Correlation between User Experience and User Satisfaction: There is a moderate positive correlation (r = 0.409), indicating that better user experience is associated with higher user satisfaction. The positive value indicates a direct relationship in which user satisfaction increases as user experience increases. The moderate strength suggests that user experience has a noticeable but weak effect on satisfaction. This is consistent with previous research on virtual learning environments, which emphasizes that user experience plays a significant role in overall satisfaction[23].

Correlation between Learning Outcomes and User Satisfaction: There is a strong positive correlation (r = 0.732), indicating that better learning outcomes are strongly associated with higher user satisfaction. The strong positive value suggests a strong relationship in which improved learning outcomes significantly improve user satisfaction. This is consistent with research findings on educational platforms that emphasize the impact of learning outcomes on satisfaction[23],[24].

Correlation between Quality and User Satisfaction: There is a very strong positive correlation (r = 0.786), indicating that higher quality is strongly associated with higher user satisfaction. The very strong positive value indicates a very strong relationship in which the quality of features significantly influences user satisfaction. Previous studies also support the importance of quality features in virtual environments[24].

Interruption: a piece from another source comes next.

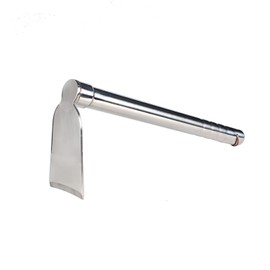 LUBAN Stainless Steel Garden Hoe 15-inch Length Lightweight Weather Resistant Metal Hand Tool for Weeding Seeding Turning Soil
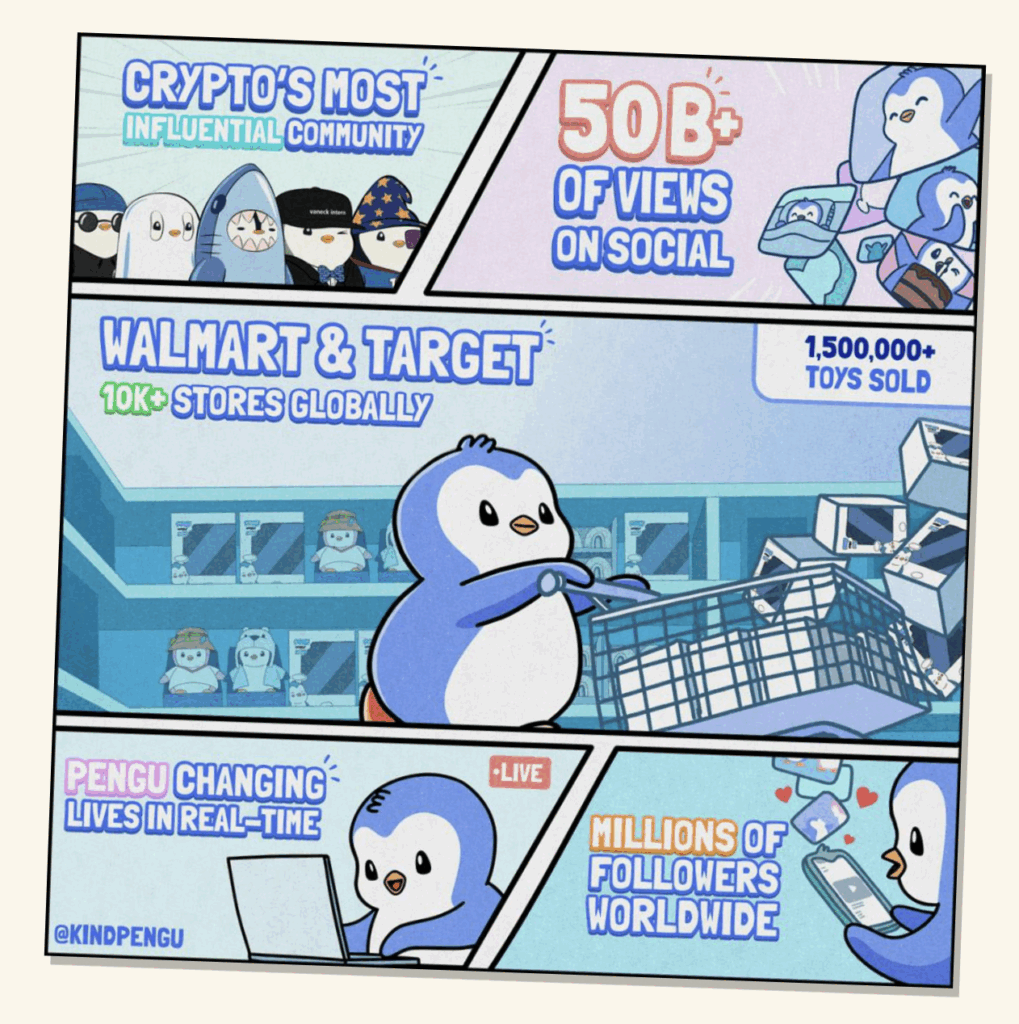 Pudgy Penguins influence worldwide.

Correlation Interaction and user satisfaction: There is a strong positive correlation (r = 0.661), indicating that better interaction is strongly related to higher user satisfaction. The strong positive value indicates a strong relationship where effective interaction significantly improves user satisfaction. Similar studies have found that interaction features are important in engaging students and increasing their satisfaction[23].

To further analyze the correlations, we categorized the variables into two general groups: personal factors (user experience, learning outcomes) and platform factors (quality, interaction). We also analyzed the correlations between these groups and user satisfaction.

Correlation between Personal Factors and User Satisfaction: There is a strong positive correlation (r = 0.655), indicating that better personal factors are associated with higher user satisfaction. The strong positive value suggests that improvements in personal factors such as user experience and learning outcomes significantly improve satisfaction.

Table 7.

Correlation analysis results

Correlation between Platform Factors and User Satisfaction: There is a very strong positive correlation (r = 0.846), indicating that better platform factors are highly associated with higher user satisfaction. The very strong positive value highlights the significant impact of platform features such as quality and interactivity on satisfaction.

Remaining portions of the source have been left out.